AU COMMENCEMENT ÉTAIT L’ALIF
Une exposition de Salim Le Kouaghet à la Grande Mosquée de Paris
Pour la première fois, la Grande Mosquée de Paris ouvre ses portes à l’art contemporain. Salim Le Kouaghet, artiste peintre formé à Constantine, Alger, Metz, Paris et à l’Université Paris VIII, y déploie une œuvre inédite et profondément habitée. Dans le jardin andalou comme dans la salle Émir Abdelkader, il inscrit Wast-ed-Dar « le centre de la maison » au cœur d’un dialogue subtil entre espace sacré, mémoire intime et langage plastique.
Huit Alifs verticaux ponctuent le jardin. Ils ne sont pas de simples structures, mais des figures symboliques : premières lettres, piliers invisibles d’un espace intérieur, évocations du souffle originel et du chiffre huit, signe de l’infini.

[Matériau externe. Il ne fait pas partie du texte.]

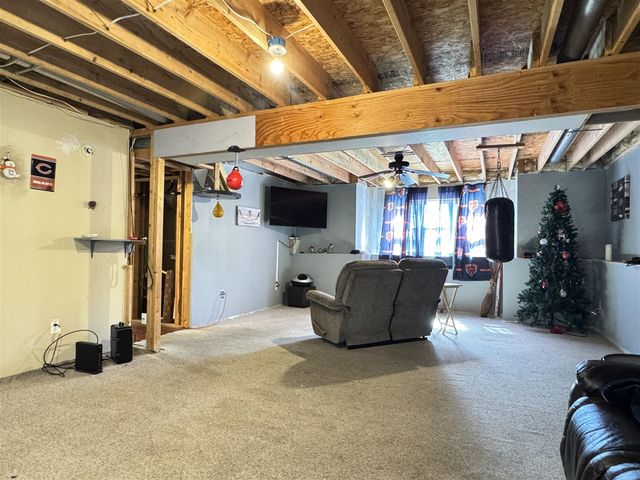 2840 Stonewood Court, Grand Rapids, MI 49504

Ces Alifs, dressés dans la lumière, sont les gardiens d’un silence chargé de présence.
Depuis plus de quarante ans, Salim Le Kouaghet explore, à travers la peinture, les signes d’un monde en tension : graphies fragmentées et alphabet tifinagh , toiles lacérées, cousues, clouées. Sa démarche puise à la fois dans les traditions visuelles du Maghreb et dans l’abstraction gestuelle. Son œuvre est traversée par la nuit, par la lumière, par l’exil – mais toujours tournée vers une recherche d’équilibre, de verticalité intérieure.
Wast-ed-Dar n’est pas un décor. C’est une procession. Une architecture de signes, une traversée sensorielle où les formes s’élèvent comme autant de seuils entre mémoire collective et intériorité. Dans ce lieu de prière, les œuvres ne s’imposent pas : elles murmurent. Elles instaurent un rythme. Le rythme d’un langage retrouvé, d’un souffle recomposé.
En réunissant peinture, installation et spiritualité, l’exposition défie les catégories : profane et sacré, abstraction et ancrage, histoire et mythe. Elle affirme une poétique du dépouillement et du recueillement. Une invitation à regarder autrement, à écouter l’invisible, à reconnaître dans l’Alif non seulement une lettre, mais une posture : celle de se tenir debout, dans le vacarme du monde, porté par la lumière.